兵庫県高砂市在住。2017年4月まで20年間トルコに滞在。

トルコのイスラム主義

トルコの主要なニュース専門局は、“YouTube”で「ライブ配信」を行っている。現地時間の夜9~11時頃には、なかなか興味深い時事討論番組などがあったりして、イスタンブールにいた頃は、毎日のように何れかのニュース専門局を視聴していた。
しかし、屋久島でこれを利用しようとしたら、深夜の時間帯に起きていなければならなくなってしまう。そのため、現在は、“YouTube”にアップされている録画の中から、ごく一部を暇な時に視聴するよりない。
一昨日は、たまたま以下の番組を観たけれど、トルコで放送されたのは、昨年の1月だったらしい。ブルハネッティン・ドゥランという政治学者がトルコの「イスラム主義」について論じていた。

Burhanettin Duran: İslamcılık Nedir (Ayrıntı - TRT Haber - 13.01.2016)

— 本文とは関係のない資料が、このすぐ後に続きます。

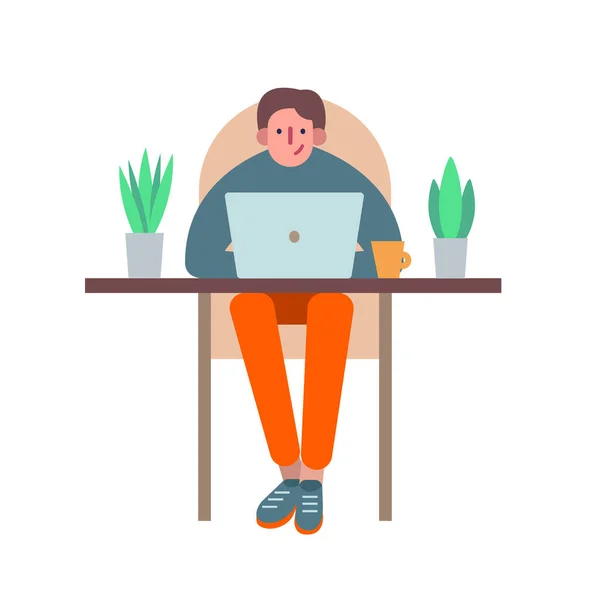 Un hombre que usa un portátil para trabajar a distancia. Freelancer trabaja en casa rodeado de plantas domésticas concepto de espacio de trabajo perfecto. Quédate en casa, cuídate. — Vector de stock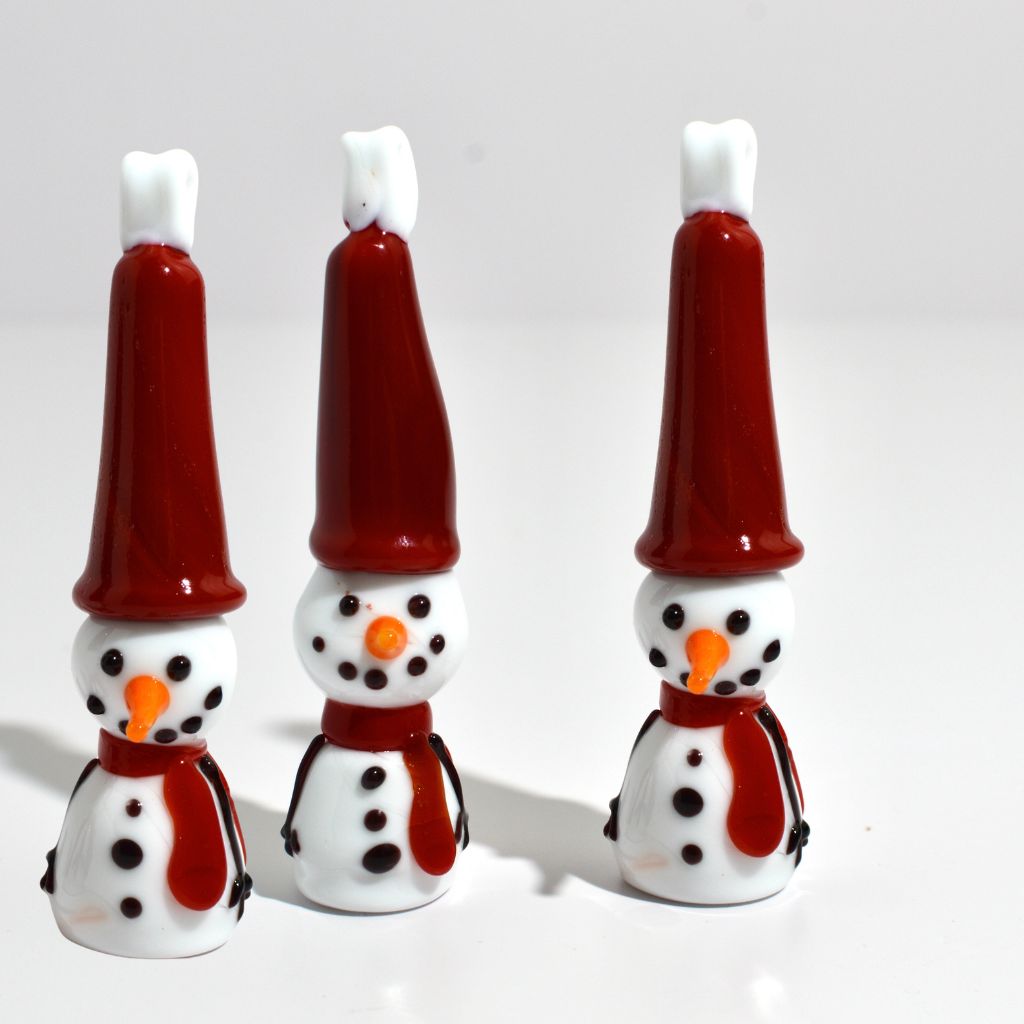 Set of 3 Murano glass snowmen figurines, colorful holiday ornaments, handcrafted seasonal decorations by MyItalianDecor.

当時は、トルコでも「イスラム主義」に纏わる論争が未だ熱を帯びていたので、このテーマが取り上げられたに違いない。でも、最近は、トルコ国内の「イスラム主義」への関心が、一頃より大分薄れて来たような気もする。(今はラマダンで多少盛り上がっているだろうか?)
トルコ共和国政教分離が反故にされて、イスラム主義による体制が成立する」といった可能性は、既に全くと言って良いほど現実味を失っている所為かもしれない。
ブルハネッティン・ドゥラン氏も番組の中で、トルコのイスラム主義は、オスマン帝国の時代、国家を守る思想として生まれたのであり、他のイスラム地域のように「植民国家への抵抗」という要素を持っていなかったため、トルコ共和国以降も、自分たちの国家の利益は守ろうとした、と述べている。
この「国家の利益」に関わる外交問題は言うまでもなく、政治なんてそもそも世俗的な事柄だから、宗教の入り込める余地などいくらもないのではないかと思えるが、どうなんだろう?
産業化に至っては、ますます入り込める余地がなさそうだ。15年以上前、クズルック村の工場でも、宗教とかイデオロギーの問題に頭を悩ます必要はなかった。重要なのは、品質と生産効率を高めて、競合に打ち勝つことだった。
おそらく、日本のように、産業化が行きつくところまで行った国では、「あまりにも過酷な競争社会への失望」が、イスラム主義といったアンチ・テーゼを求めてしまうのかもしれないけれど、競争力を失った社会は、弱肉強食の国際社会で餌食されるだけだろう。
これからまだまだ産業を発展させて行かなければならないトルコが、日本で見られるそういったノスタルジックな気分に付き合っている余裕はないような気がする。